Large-eddy simulations of turbulence-induced vibrations in annular pipe flow

This paper investigates the turbulence-induced vibration of a circular beam in annular pipe flow. Vibrations induced by turbulence are one of the causes of fatigue and fretting wear in process environments. Although the small-scale vibrations are normally not leading to immediate failure of structural components, they typically result in long term damage. To predict the amplitude of these subcritical vibrations, current methods require an accurate description of the incident pressure field. However, measurements of cross-spectral pressure fields in annular geometries are rare. Models to describe the pressure field have a tendency to provide only descriptive information, after a series of experiments have been performed. Therefore this paper aims to predict the pressure field numerically, by means of wall-resolved large-eddy simulations. In order to validate this approach the flow field of an experiment available in literature is computed. In the conditions simulated, water is flowing at 10 m/s in an annulus with a hydraulic diameter of 1.27cm. Pressure correlations obtained from the computations are compared to descriptive models such as the Corcos and Chase models. The numerical power spectra are also compared to experimental spectra.

Numerical Computation of Modal Characteristics of a Clamped-Clamped Cylinder in Turbulent Axial Pipe Flow

In this paper the modal characteristics of a flexible cylinder in turbulent axial flow are investigated with partitioned fluid-structure interaction simulations.

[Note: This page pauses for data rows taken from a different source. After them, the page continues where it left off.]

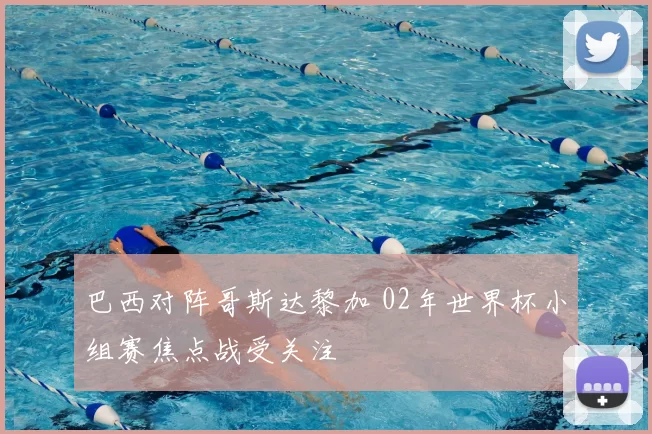 巴西对阵哥斯达黎加 02年世界杯小组赛焦点战受关注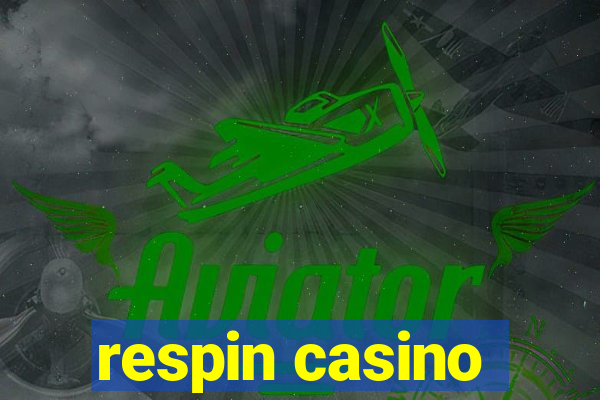 respin casino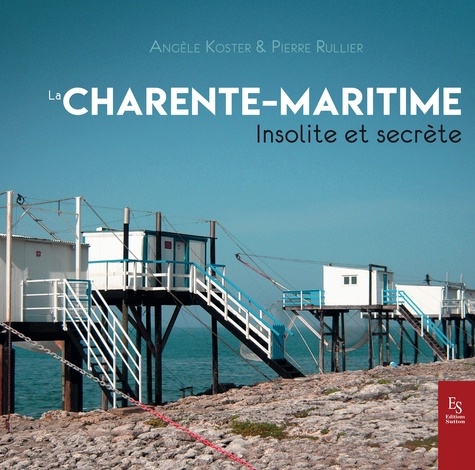 La Charente-Maritime insolite et secrète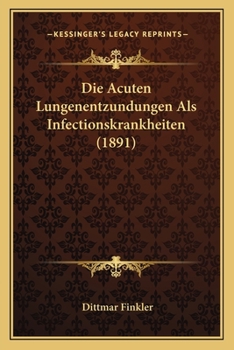 Die Acuten Lungenentzundungen ALS Infectionskrankheiten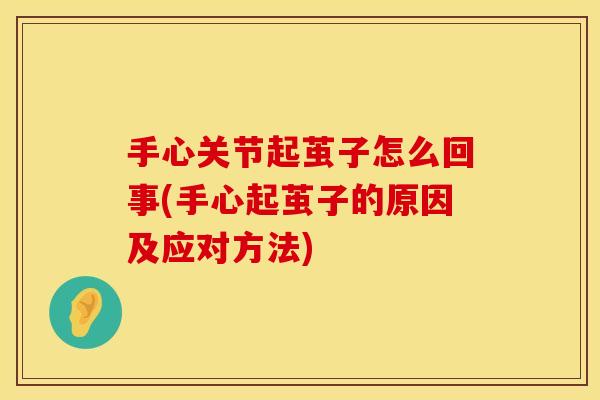 手心关节起茧子怎么回事(手心起茧子的原因及应对方法)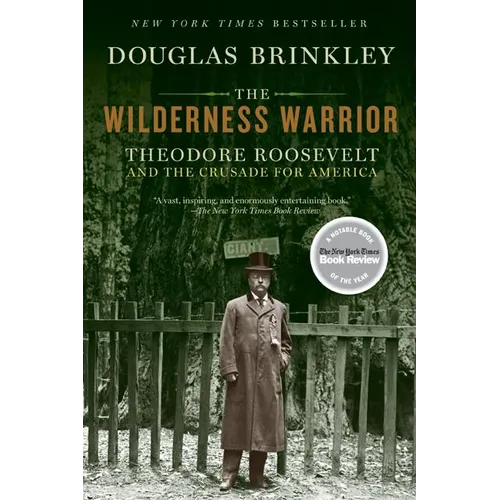 The Wilderness Warrior: Theodore Roosevelt and the Crusade for America - Paperback
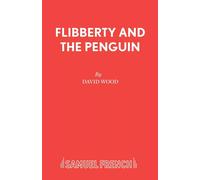 Flibberty and the Penguin by David Wood Paperback Samuel French L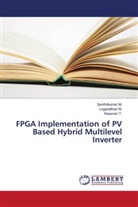 Loganatha M, Loganathan M, Senthilkuma M, Senthilkumar M, Loganathan M., Senthilkumar M.... - FPGA Implementation of PV Based Hybrid Multilevel Inverter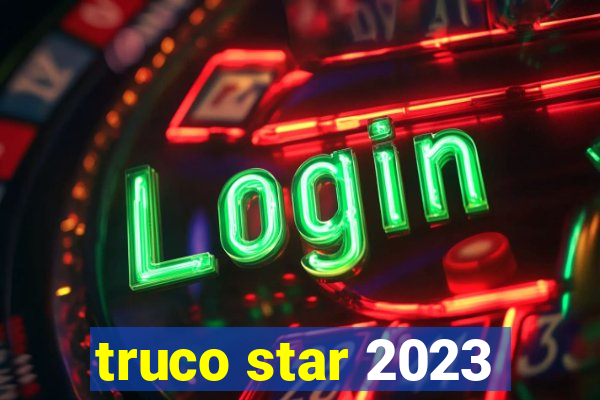 truco star 2023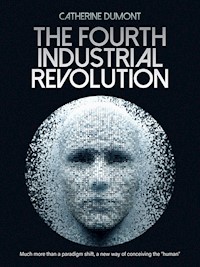 The Fourth Industrial Revolution - Catherine Dumont - ebook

In these simulations a computational fluid dynamics calculation to resolve the flow field is coupled with a computational structure mechanics calculation to compute the structural behavior. The cylinder is initially deformed according to an eigenmode in vacuo and then released. From this free vibration decay of the cylinder in the turbulent axial flow, modal characteristics are determined. To assess the accuracy of these calculations, the same configuration is computed as in an experiment with a solid brass cylinder mounted in a water-conveying pipe. The natural frequency appears to be relatively insensitive to an increase in flow velocity in this case. Both experiments and computations show the same trend of slightly decreasing natural frequency with increasing flow velocity. The damping, on the other hand, is very sensitive to the flow velocity A change in flow velocity from 10m/s to 30 m/s results in a modal damping increase from 1.4% to 3.0%. Changes in molecular viscosity due to temperature differences had only a small effect on modal damping.